Django Haystack Whoosh Multilanguage site


I am using haystack with whoosh backend in my django project. And my models are multilingual with the modeltranslation module, it creates automatic fields like title_tr, title_en for a field named title...

I am trying to make searches aware of selected language having searched the net and write the below lines but it is not working for the title_tr, entry_tags_tr fields... #search_indexes.py

from haystack import indexes
from aksak.blog.models import Entry

class EntryIndex(indexes.SearchIndex, indexes.Indexable):
    text = indexes.CharField(model_attr='descr_en', document=True, use_template=True)
    text_tr = indexes.CharField(model_attr='descr_tr')
    title_en = indexes.CharField(model_attr='title_en')
    title_tr = indexes.CharField(model_attr='title_tr')
    tags = indexes.MultiValueField(indexed=True, stored=True, model_attr='entry_tags')

    def get_model(self):
        return Entry


    # haystackCustomQuery.py  !!! IN URLS.PY I AM USING THIS CUSTOM VIEW <-------------

    from django.conf import settings
    from django.utils.translation import get_language
    from haystack.query import SearchQuerySet, DEFAULT_OPERATOR

    class MlSearchQuerySet(SearchQuerySet):
        def filter(self, **kwargs):
            if 'content' in kwargs:
                kwd = kwargs.pop('content')
                currentLngCode = str(get_language())
                lngCode = settings.LANGUAGE_CODE
                if currentLngCode == lngCode: 
                    kwdkey = "text" 
                    kwargs[kwdkey] = kwd
                else:
                    kwdkey = "text_%s" % currentLngCode
                    kwargs[kwdkey] = kwd


            if getattr(settings, 'HAYSTACK_DEFAULT_OPERATOR', DEFAULT_OPERATOR) == 'OR':
               return self.filter_or(**kwargs)
            else:
                return self.filter_and(**kwargs)

Solution

  • Not sure, but i think it might be related to the model_attr parameters of your SearchIndex subclass, which aren't properly resolved by haystack. Try to define some prepare_<index_fieldname> methods instead.
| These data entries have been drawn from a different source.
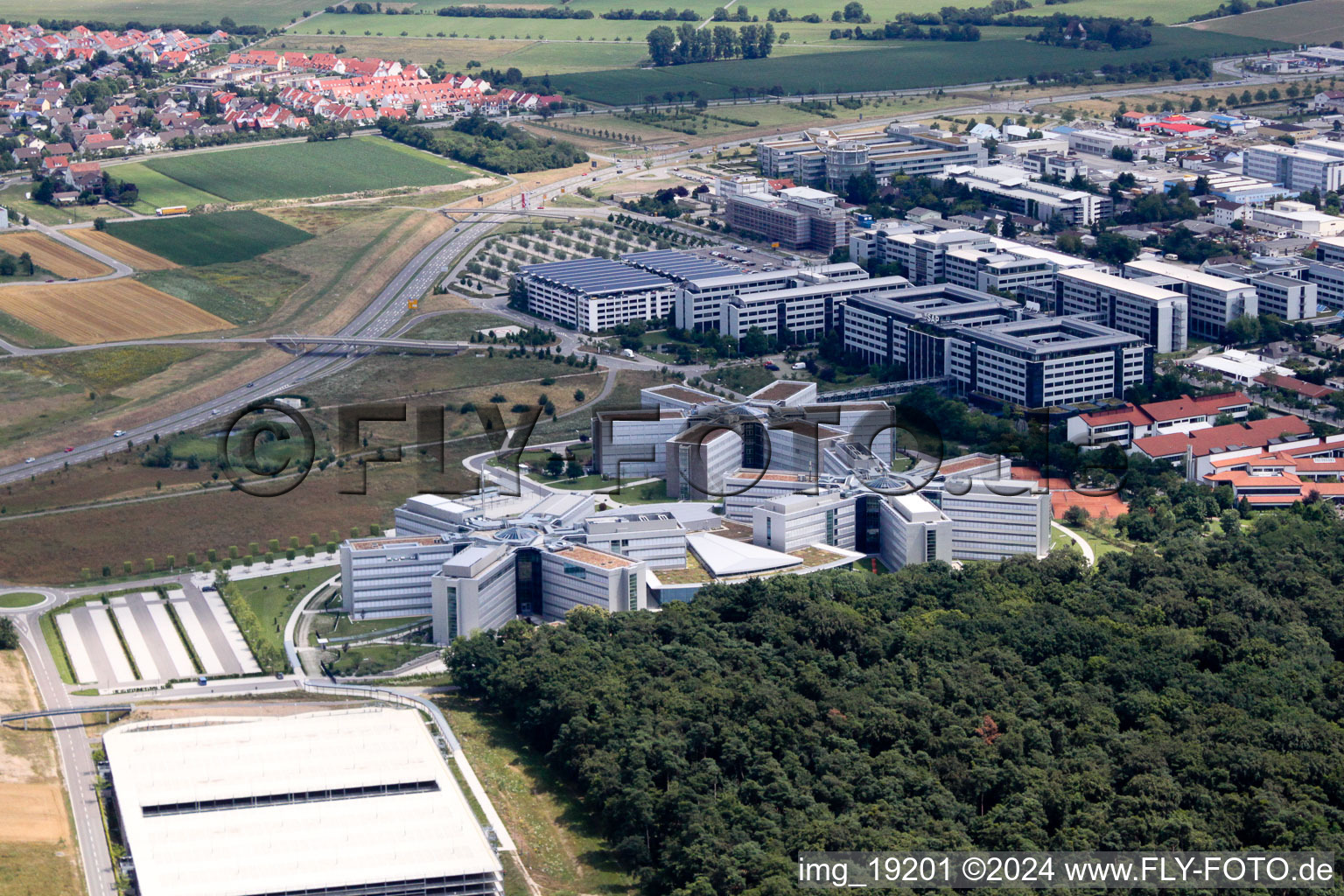 Drone recording of Star-shaped office buildings of the SAP Deutschland SE & Co. KG at the forest edged in Walldorf in the state Baden-Wurttemberg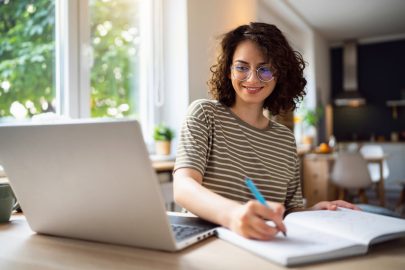 Young woman sitting in front of computer and writing in notebook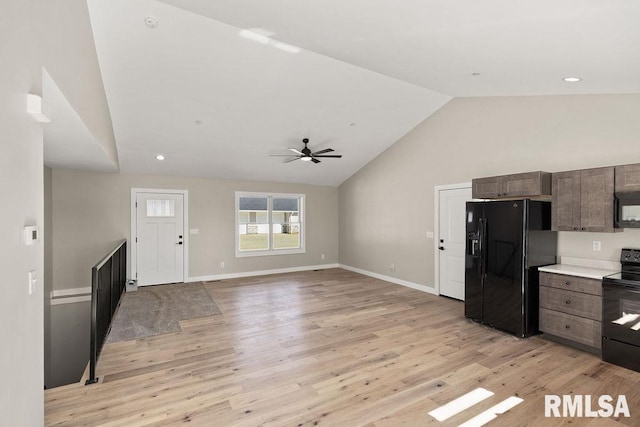 kitchen featuring light wood finished floors, lofted ceiling, light countertops, open floor plan, and black appliances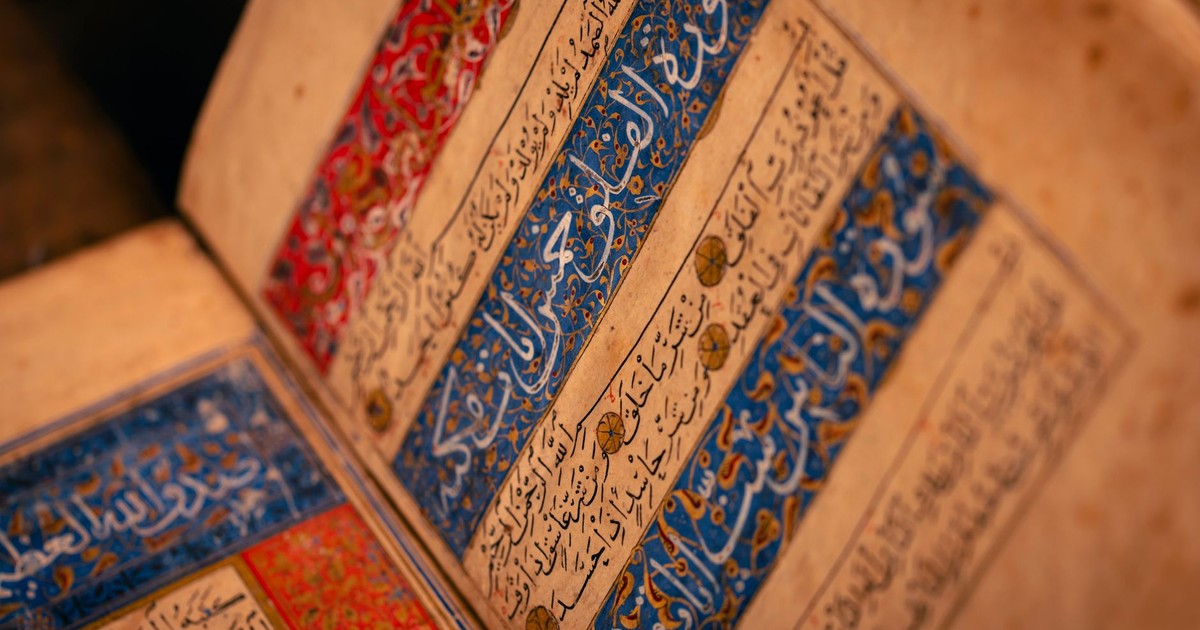 Detailed view of an ancient illuminated manuscript with Arabic script and intricate designs.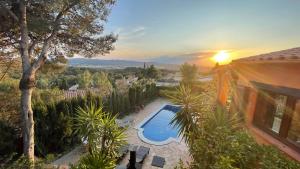 a villa with a swimming pool and a sunset at Bellavista in Begur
    I'm including a full example of what i have used in a (German/English) project. Just like you and inspired by search functionality on multi-language django site, i got the current language and mapped it to a SearchIndex field:

    from django.conf import settings
    from modeltranslation.utils import get_language
    from modeltranslation.settings import DEFAULT_LANGUAGE
    from haystack.query import SearchQuerySet, DEFAULT_OPERATOR
    
    class ModeltranslationSearchQuerySet(SearchQuerySet):
        def filter(self, **kwargs):
            if 'content' in kwargs:
                kwd = kwargs.pop('content')
                lang = get_language()
                if lang != DEFAULT_LANGUAGE:
                    kwdkey = "text_%s" % lang
                    kwargs[kwdkey] = kwd
                else:
                    kwargs['text'] = kwd
            if getattr(settings, 'HAYSTACK_DEFAULT_OPERATOR', DEFAULT_OPERATOR) == 'OR':
                return self.filter_or(**kwargs)
            else:
                return self.filter_and(**kwargs)
    

    In the essence there's one SearchIndex field per language, each with its own prepare_<index_fieldname> method. Here's a stripped down version of my search_indexes.py - it's not really generic, but worked well for my simple requirements:

    from haystack import indexes
    
    class ContentIndex(indexes.SearchIndex, indexes.Indexable):
        text = indexes.EdgeNgramField(document=True)  # German (default language)
        text_en = indexes.EdgeNgramField()  # English
    
        def prepare_text(self, obj):
            return '%s %s' % (obj.title_de, obj.descr_de)
    
        def prepare_text_en(self, obj):
            return '%s %s' % (obj.title_en, obj.descr_en)
    

    Note, that here text is used rather than text_de for the index field with document=True as it is a convention of haystack (you got that right). But inside the prepare_<index_fieldname> methods the actual translation fieldnames are used. It also doesn't use a template, but simple string concatenation.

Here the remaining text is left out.